Premier: The premier was May 29th 1913  The final rehearsal  in the presence of members of the press and assorted invited guests all went peacefully according to Stravinsky.  However, the critic of L’Écho de Paris, Adolphe Boschot, foresaw possible trouble; he wondered how the public would receive the work, and suggested that they might react badly if they thought they were being mocked.

On the evening of the  premier  the theatre was packed:  “Never . . . has the hall been so full, or so resplendent; the stairways and the corridors were crowded with spectators eager to see and to hear.” Some eyewitnesses and commentators said that the disturbances in the audience began during the Introduction, and grew into a crescendo when the curtain rose on the stamping dancers in “Augurs of Spring.” But music historian Richard Taruskin asserts, “it was not Stravinsky’s music that did the shocking.
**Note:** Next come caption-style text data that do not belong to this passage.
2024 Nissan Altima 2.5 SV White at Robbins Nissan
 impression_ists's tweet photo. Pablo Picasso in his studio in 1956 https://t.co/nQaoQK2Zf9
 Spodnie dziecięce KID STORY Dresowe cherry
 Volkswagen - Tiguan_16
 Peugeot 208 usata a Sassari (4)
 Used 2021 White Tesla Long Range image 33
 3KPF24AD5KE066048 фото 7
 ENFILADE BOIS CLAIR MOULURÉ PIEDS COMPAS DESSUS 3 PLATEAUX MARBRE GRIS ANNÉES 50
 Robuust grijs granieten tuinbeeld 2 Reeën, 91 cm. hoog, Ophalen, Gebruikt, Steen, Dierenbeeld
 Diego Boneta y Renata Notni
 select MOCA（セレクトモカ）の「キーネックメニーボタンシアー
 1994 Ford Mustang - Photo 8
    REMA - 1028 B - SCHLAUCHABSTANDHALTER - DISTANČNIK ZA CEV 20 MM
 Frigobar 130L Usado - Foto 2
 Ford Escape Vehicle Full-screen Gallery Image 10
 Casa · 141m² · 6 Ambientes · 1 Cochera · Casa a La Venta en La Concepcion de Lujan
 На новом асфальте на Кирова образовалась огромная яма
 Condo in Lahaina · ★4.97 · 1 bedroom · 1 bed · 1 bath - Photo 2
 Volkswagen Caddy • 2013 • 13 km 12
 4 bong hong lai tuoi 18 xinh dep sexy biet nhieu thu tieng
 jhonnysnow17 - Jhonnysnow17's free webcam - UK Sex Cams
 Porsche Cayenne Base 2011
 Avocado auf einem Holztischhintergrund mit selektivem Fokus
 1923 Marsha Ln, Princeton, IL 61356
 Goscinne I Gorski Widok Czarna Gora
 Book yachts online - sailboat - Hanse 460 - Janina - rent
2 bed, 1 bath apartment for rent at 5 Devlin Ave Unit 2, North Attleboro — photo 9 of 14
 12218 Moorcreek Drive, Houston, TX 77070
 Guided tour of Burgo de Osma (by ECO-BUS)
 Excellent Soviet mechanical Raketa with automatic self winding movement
It was the ugly earthbound lurching and stomping devised by Vaslav Nijinsky.”  Stravinsky writes that the derisive laughter disgusted him, and that he left the auditorium to watch the rest of the performance from the stage wings. The demonstrations, he says, grew into “a terrific uproar” which,  drowned out the voice of Nijinsky who was shouting the step numbers to the dancers.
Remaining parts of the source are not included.